II. " Par les soins d'Asclépiade et de Quietus, magistrats pour la seconde fois avec Alexandre fils d'Euphrosyne, le sénat et le peuple de l'île de Théra ont fait ériger la statue de l'empereur César, Marc-Aurele, Antonin, Auguste, consacrée par Poliuchus, grand prêtre pour la seconde fais. "
III. " Le senat et le peuple de Théra assurent l'empereur César, L. Septime Sevère, Pertinax, Auguste, de leur entier dévouement. "
IV. " Sous les magistrats M. Aurele Isoclée fils d'Asclépiades, Aurele Cleotelès fils de Tyrannus, et Aurele Philoxène fils d'Abascantus, par ordre du sénat et du peuple de Théra, Aurele Isoclée, premier magistrat pour la seconde fais, a fait la dépense, et pris le soin de faire ériger la statue du très-grand empereur César, Marc Aurele Sevère, Antonin Pie, Auguste, Arabique, Adiabénique, Parthique, Germanique. "
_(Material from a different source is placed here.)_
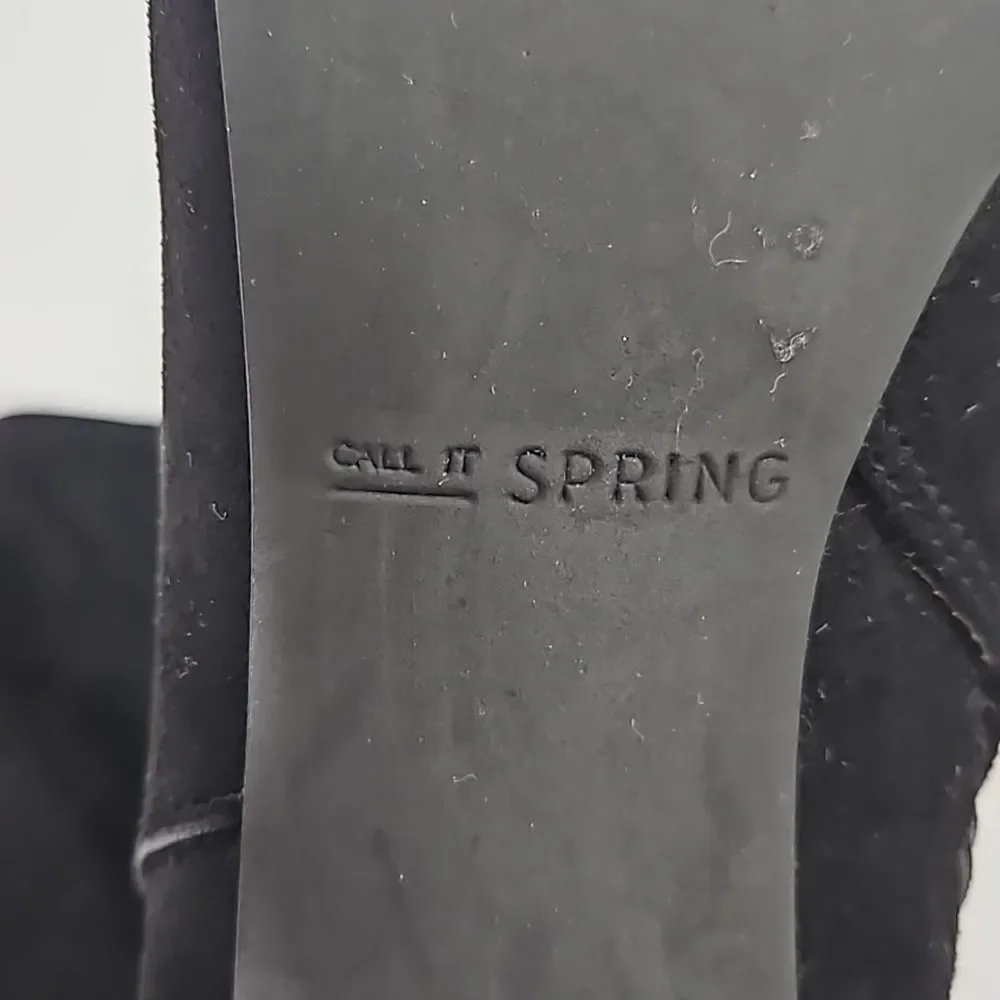 Call It Spring Thigh High Black Boots Nubuck Rosenman Size 6/36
V. " Aurelius Tychasius pour son père, et Elpizousa pour son cher mari Tychasius, consacrent les témoignages de leur tendresse. "
VI. " Carpus a consacré par ce monument son amour pour sa chère femme Soeide, qui n'avait point eu d'autre mari. "
Quelques-uns font naître Aristippe dans l'île de Théra, et Horace l'appelle graecus Aristippus ; mais tous les historiens donnent à ce philosophe pour patrie la ville de Cyrène en Libye, aujourd'hui Caïroam, dans le royaume de Barca ; cependant on peut défendre l'épithète d'Horace comme poète, et dire qu'Aristippe était grec d'origine, parce que l'île de Théra avait été peuplée par une colonie grecque, et que la ville de Cyrène fut ensuite bâtie par une colonie de Théra. (D.J.)